Desired Outcome:
High level introduction to SAS using basic overview from SASCrunch.com with various Lessons Learned:
Accessing data from a file
-Within the code, the first line in tutorial is:
Filename file1 ‘folders/myfolders/file1.csv’
-I was able to easily create the CSV, but within the Mac it was in the myfolders directory, and I didn’t realize that SAS is configured first for ‘folders’
-Within SAS, Code, Server Files and Folders, I first click on select “My Folders”
-Click on the icon above called Folder Properties
-Location: /folders/myfolders
-Note: I was thinking this was just within the tutorial, but this actually is the path
Different formats of files for input
Note: This was an issue because I was getting ahead of the documentation, and didn’t realize that there are different kinds of input file formats (space-delimited, comma-delimited, aligned by columns. I was creating the file in Mac MS-Excel and saving in comma separated values (.CSV), but there are different forms of that within Save-As, and I’m choosing what’s specifically name “comma separated values (CSV)”.

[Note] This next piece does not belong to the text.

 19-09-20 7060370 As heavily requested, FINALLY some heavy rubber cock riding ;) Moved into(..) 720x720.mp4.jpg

-Because I’m saving as comma delimited, I’ll try:
Data DS;
Infile file1 firstobs=2 dlm=’,’;
Input ID $ Age;
Run;
Issue: Within Output Data, there is only data in first row, ID of: ID0001,2
Note: Properties of the .csv file is that it’s opened within MS-Excel. Maybe the raw .CSV file needs to be saved differently.

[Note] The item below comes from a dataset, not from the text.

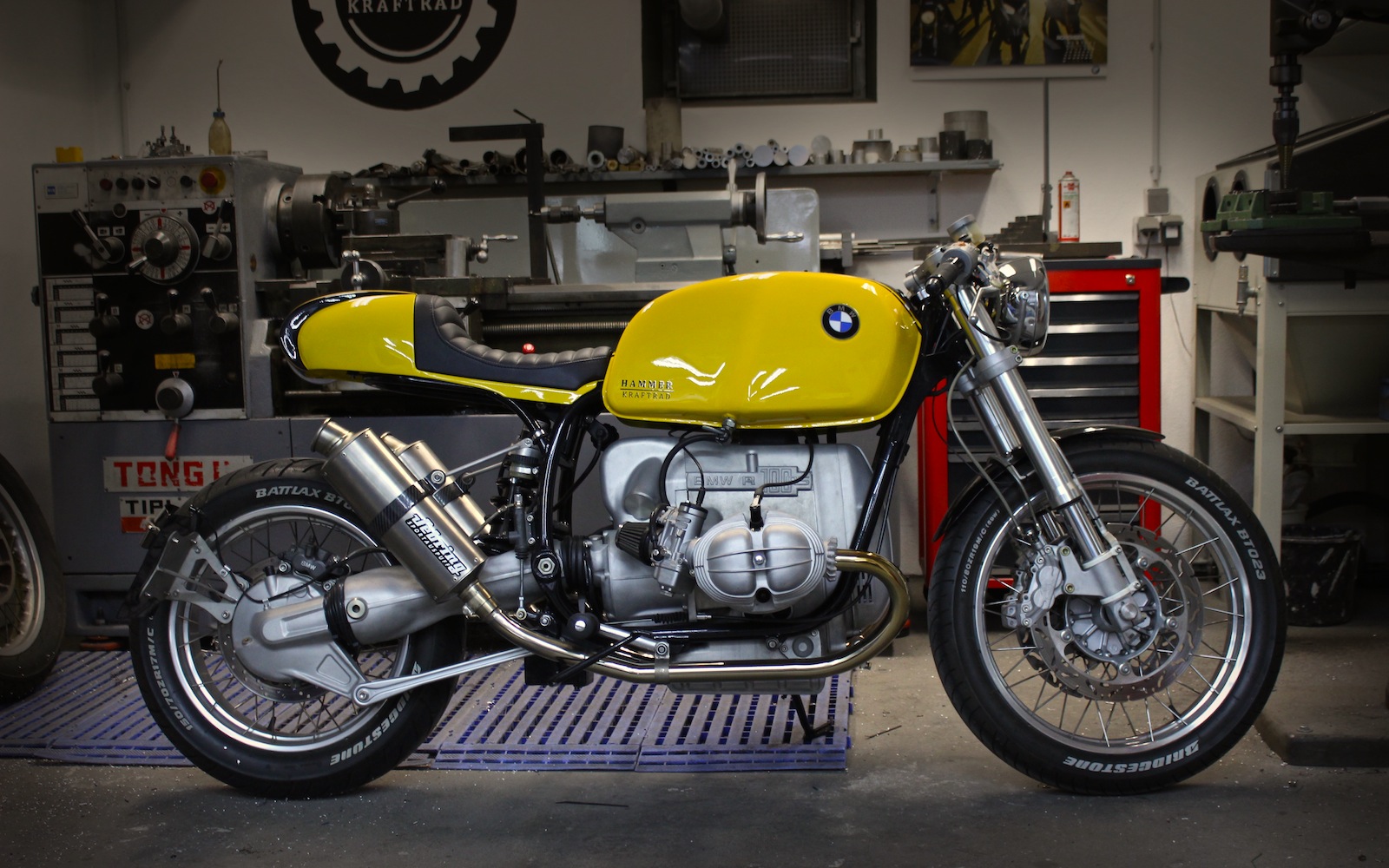 The Hammer's yellow racer - Inazuma café racer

Note: Now I’m finding myriad ways of doing this, including right-clicking on the file1.csv (in SAS Studio), selecting “Import Data”, and accepting all the defaults – does everything for me.
Note: I need to dig deeper into differences between file formats, exporting, importing. Will probably be a different blog post.

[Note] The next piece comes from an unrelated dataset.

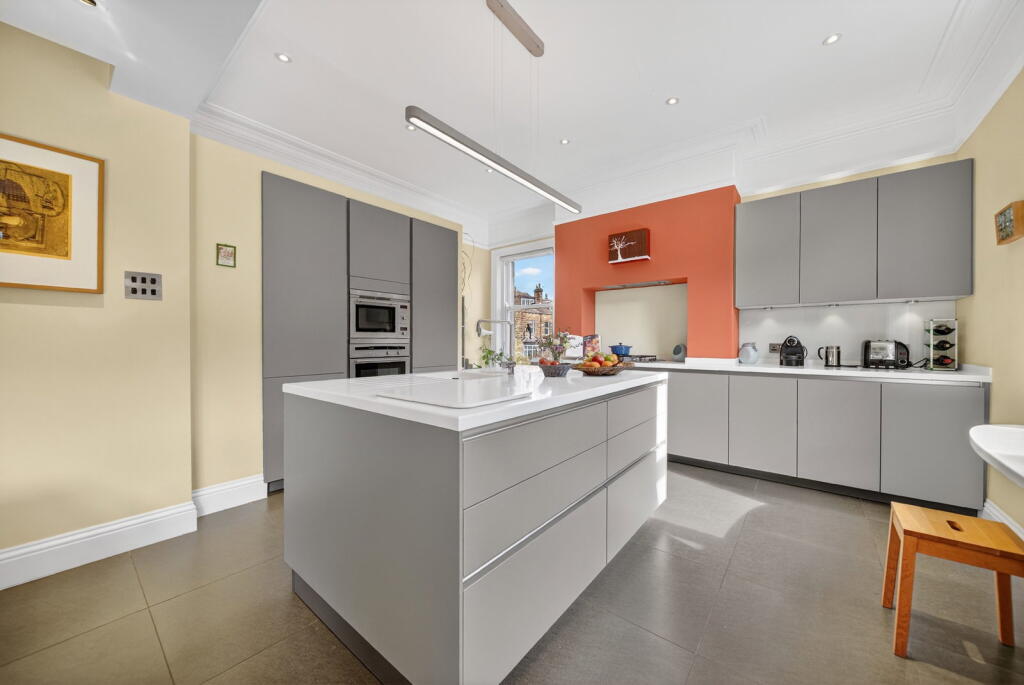 House in Bradford, Ilkley - View 5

-This is the code that was auto-generated when I right-clicked on the data file and chose to “Import Data”:
/* Generated Code (IMPORT) */
/* Source File: file1.csv */
/* Source Path: /folders/myfolders */
/* Code generated on: 6/9/19, 9:01 AM */
%web_drop_table(WORK.IMPORT);
FILENAME REFFILE ‘/folders/myfolders/file1.csv’;
PROC IMPORT DATAFILE=REFFILE
DBMS=CSV
OUT=WORK.IMPORT;
GETNAMES=YES;
RUN;
PROC CONTENTS DATA=WORK.IMPORT; RUN;
%web_open_table(WORK.IMPORT);
Note: SAS is using various variables like “DBMS”. This gives me some clues on what’s really required for importing files.
Sorting
Note: This one didn’t quite work as planned. I didn’t see the “flag” after running it. Need to work on this one.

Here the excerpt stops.